There are many version control systems, Git, Perforce, Beanstalk, Mercurial, Bitbucket, Apache Subversion, AWS CodeCommit, CVS (Concurrent Versions System, not the drugstore chain), and others.

The most important system today is Git. GitHub and GitLab are built on top of Git. What is the relationship? Git is a local version control system, it runs entirely on the machine where it is installed and manages file changes there. GitHub and GitLab are cloud-based systems that allow you to work with remote repositories. In addition to supporting Git remotely, GitHub adds many cool features to increase developer productivity. The files for the pages you are reading are managed with Git and stored in a remote repository on GitHub (the URL is https://github.com/oschabenberger/oschabenberger-github.io-bn). GitHub also hosts the web site for the text through GitHub Pages. GitHub Actions can be set up so that the web site (the book) automatically rebuilds if any source files changes. And all of that comes with the free capabilities of GitHub.

A Crash Course in Git

Git is installed on your machine, it is a local tool for versioning files. You can perform all major Git operations (clone, init, add, mv, restore, rm, diff, grep, log, branch, commit merge, rebase, etc.) without an internet connection. The collaborative aspect of version control comes into play when you use a Git service provider such as GitHub or GitLab. Besides making Git a tool for multi-user applications, using GitHub or GitLab also gives you the ability to work with remote repositories; you can push your local changes to a server in the cloud, making it accessible to others and making it independent of the local workstation. Just because you push a repository to GitHub does not necessarily give everyone on the internet access to it—you manage whether a repository is private or public.

Installing Git

There are several ways to get Git on your machine, see here. On MacOS, installing the XCode Command Line tools will drop git on the machine. To see if you already have Git, open a terminal and check:

➜ which git
/usr/bin/git

The executable is installed in /usr/bin/git on my MacBook.

Basic configuration

There are a million of configuration options for Git and its commands. You can see the configuration with

➜ git config --list

To connect to GitHub later, add your username and email address to the configuration:

➜ git config --global user.name "First Last"
➜ git config --global user.email "first.last@example.com"

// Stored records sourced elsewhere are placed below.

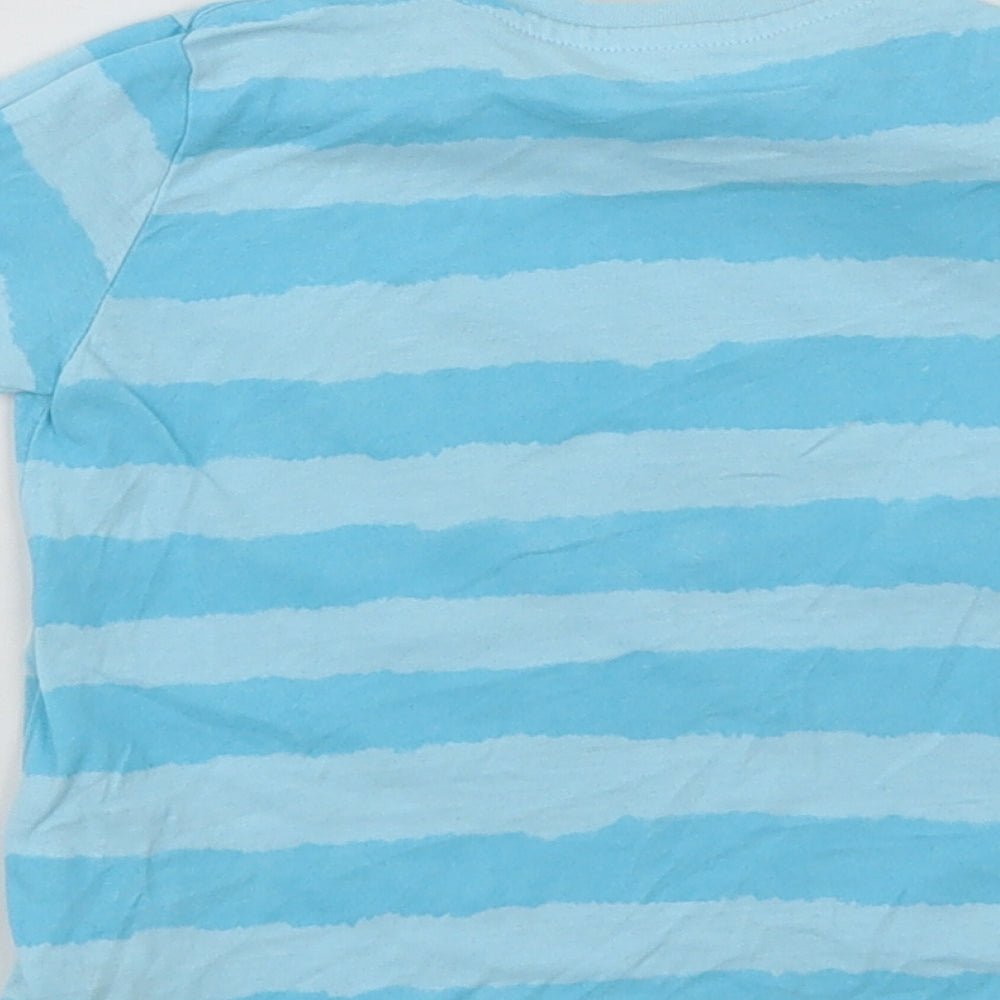 Dunnes Stores Baby Blue Striped Cotton Basic T-Shirt Size 18-24 Months Crew Neck  - Change The World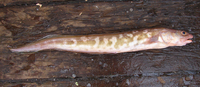 Genypterus capensis, Kingklip: fisheries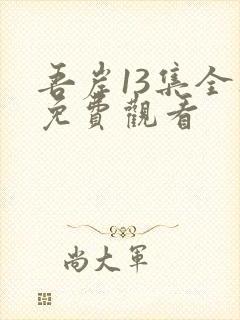 吾岸13集全集免费观看封面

You can have project-specific configurations, simply remove the --global option and issue the git config command from the project (repository) directory.

Repositories

A repository is a collection of folders and files. Repositories are either cloned from an existing repository or initialized from scratch. To initialize a repository, change into the root directory of the project and issue the git init command:

➜ cd "STAT 5014"
➜ STAT 5014 pwd
/Users/olivers/Documents/Teaching/Data Science/STAT 5014
➜ STAT 5014 git init
Initialized empty Git repository in /Users/olivers/Documents/Teaching/Data Science/STAT 5014/.git/
➜ STAT 5014 git:(main)

To get help on git or any of the git commands, simply add --help:

➜ git --help
➜ git status --help
➜ git add --help

Stages of a file

A file in a Git repository goes through multiple stages (Figure 25.1). At first, the file is unmodified and untracked. A file that was changed in any way is in a modified state. That does not automatically update the repository. In order to commit the change, the file first needs to be staged with the git add command.

When you issue a git add on a new file or directory, it is being tracked. When you clone a repository, all files in your working directory will be tracked and unmodified.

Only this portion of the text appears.